No weight is usually necessary, but if currents are strong, weights to 1 ounce are plenty. The waters are shallow, and the currents are relatively slow, unlike the ocean, and the rig itself is usually heavy enough to sink the fillet toward the bottom, and that’s where they should be fished.



A 7-foot brown shark that Tom Lutzi Jr., left,
drilled at Grassy Channel in July 2006.
Lutzi and crew provided the shot to
Scott's Bait & Tackle.

Chumming, common in ocean sharking, isn’t a must, but it’s a bonus.

Again, waters are shallow, currents are mild, and sharks with super-sensitive noses will usually locate a bait with no problem.

If chumming is done, not a lot of chum is needed. Scott’s Bait and Tackle sells 1-gallon containers of chum the crew calls the Chum Ball, and it works great for the sharking.

Some anglers will throw the carcasses from the mackerel or baitfish fillets in the waters for chum.

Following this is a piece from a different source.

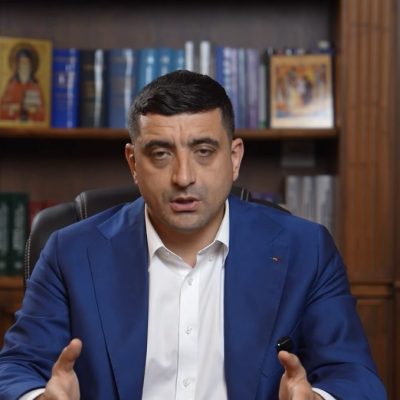 CCR, anunț de ULTIMA ORĂ pentru George Simion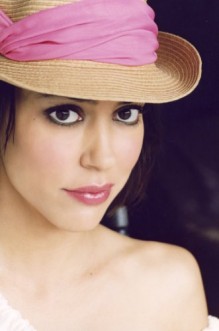 Mantha Balourdou Fotoğrafı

Twenty- or 30-pound-class, conventional rods and reels work well. Thirty-pound line is perfect. But if anglers want more sport, they go lighter. Sometimes they fish a 10-foot, surf-fishing, spinning rod, because fighting the fish on spinning gear is a blast.

The brown sharks are good eating. But like with any shark, care is necessary to preserve the meat.

Once caught and dying or dead, the sharks urinate through the skin,
Scott said.

Sound tasty? No.

Therefore it’s crucial to fillet the sharks as quickly as possible. Not even gutting the fish prevents the urinating. Only filleting the fish does.

Be sure to check the regulations. The catch limit for sharks is 48 inches in length and two sharks per vessel. Browns can be kept. But a number of sharks are prohibited.

This isn’t particularly complicated fishing, and that can be part of the attraction. For once there’s a fishery that’s fairly simple but with great rewards.

What angler wouldn’t want to fight a 90-pound, toothy, ornery killer?

The fish put the tackle to the test, hone your fish-fighting skills, give your biceps a workout, and get you back to the dock and in bed at a reasonable hour, unlike an offshore venture.

The fishing won’t put a mako, the best of shark meals, in your freezer, but its advantages are tough to beat.

It’s a great fishery, right in your own back yard.